DON’T DO IT! It’s way too fine and will be a disaster if it’s disturbed. Pool filter sand is an excellent alternative as mentioned.


----------



## Angus (11 Dec 2021)

Ive used play sand without any problems and it definitely doesn't inhibit rooting when i pulled up the tank it was the same as any aquasoil tank, the sand was used on its own and not as a cap though, and also it didnt turn anaerobic because i had mts and plant roots all through it.

It is quite fine, but i didnt find stirring it up was a problem this can also be an advantage especially with corydoras.

I would use play sand on its own but not as a capping sand.

Sent from my BV5500Plus using Tapatalk


----------



## Greengeek (3 Jan 2022)

I used play sand for years with great success, however I stopped using it when I had a bad batch which poisoned the fish. For months I could not work out why fish would be ok for a few days/weeks and then would start whirling in circles before dieing. I tested for everything you could back in the 90s and never found anything out of range with the test kits. 

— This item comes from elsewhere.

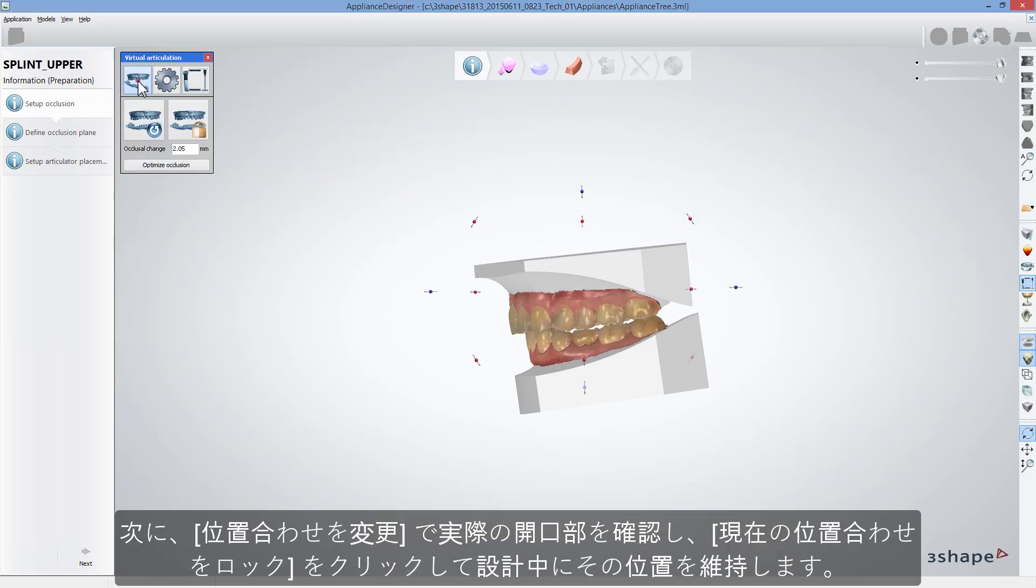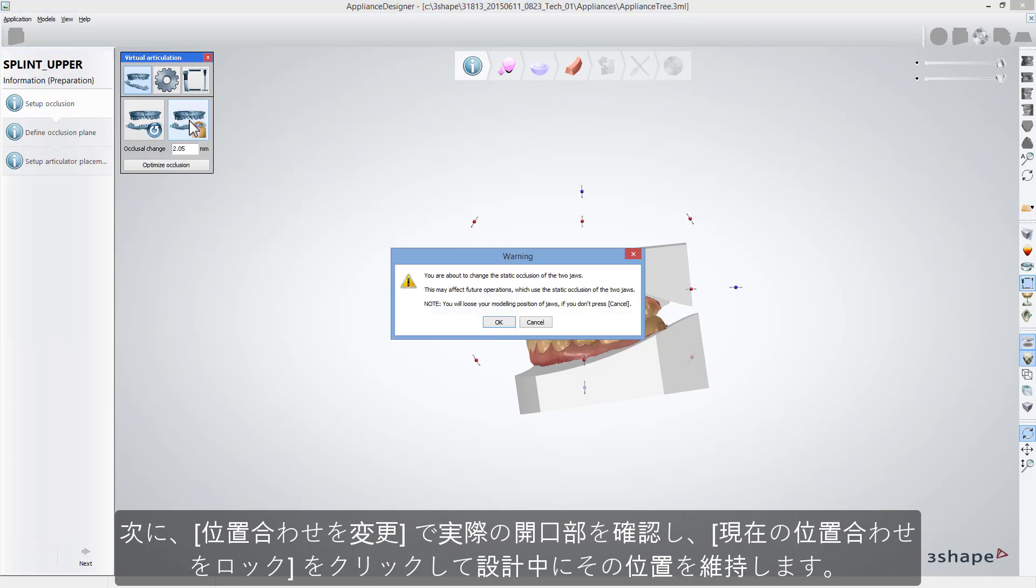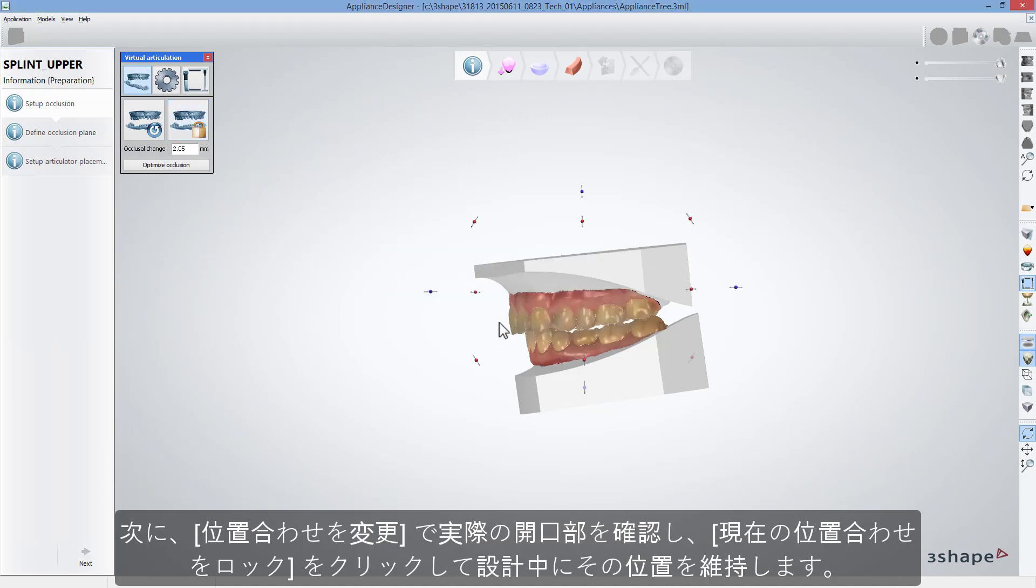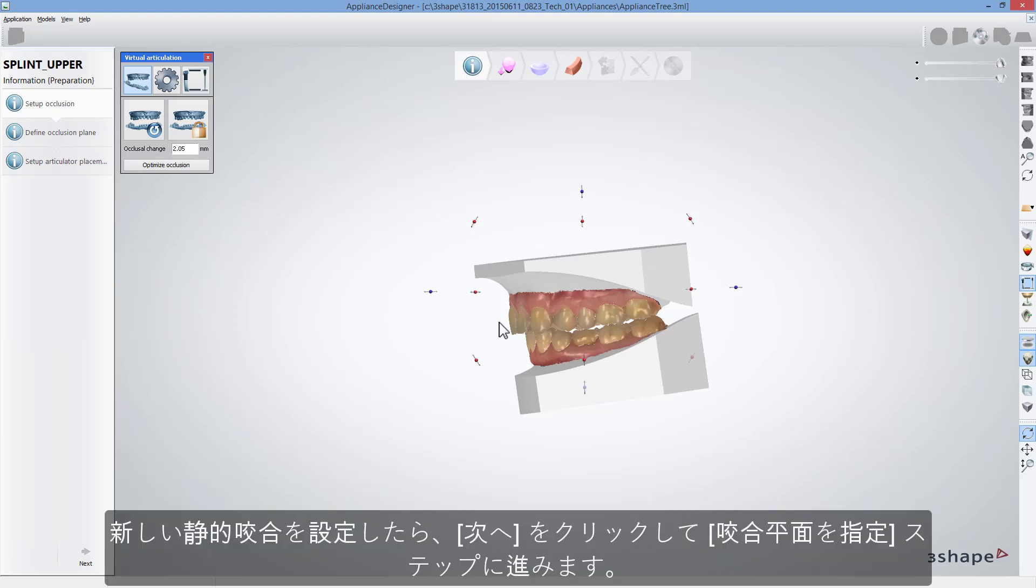Then go back to Modify the alignment to see the actual opening between teeth and click Lock the current alignment to keep that position during design.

When I removed the sand the issue stopped immediately I can only assume there was a chemical added to the so called ‘natural sand’ maybe to kill algae or mould etc but I’ve never used it again since. I know loads of people use play sand without issue but I won’t be one of them as IMO there’s just no guarantee what’s been added to it or if it’s been contaminated by something, the information on the bags is so limited. 

It also needs stirring occasionally or a fish that burrows frequently as it compacts and you can see the bubbles of gas forming under only a few millimetres. The roots of some plants can’t get enough oxygen and/or no flow and rot.


----------



## Jaseon (4 Jan 2022)

When i think of using sand of any kind i look to go as thin a layer with it as possible. I don't know what the success rate is like of planting in deep sand beds, but would guess the roots will be starved of oxygen. Im a big fan of  mosses, and fern so dont need to plant into the substrate anyways so keep the layer thin.


----------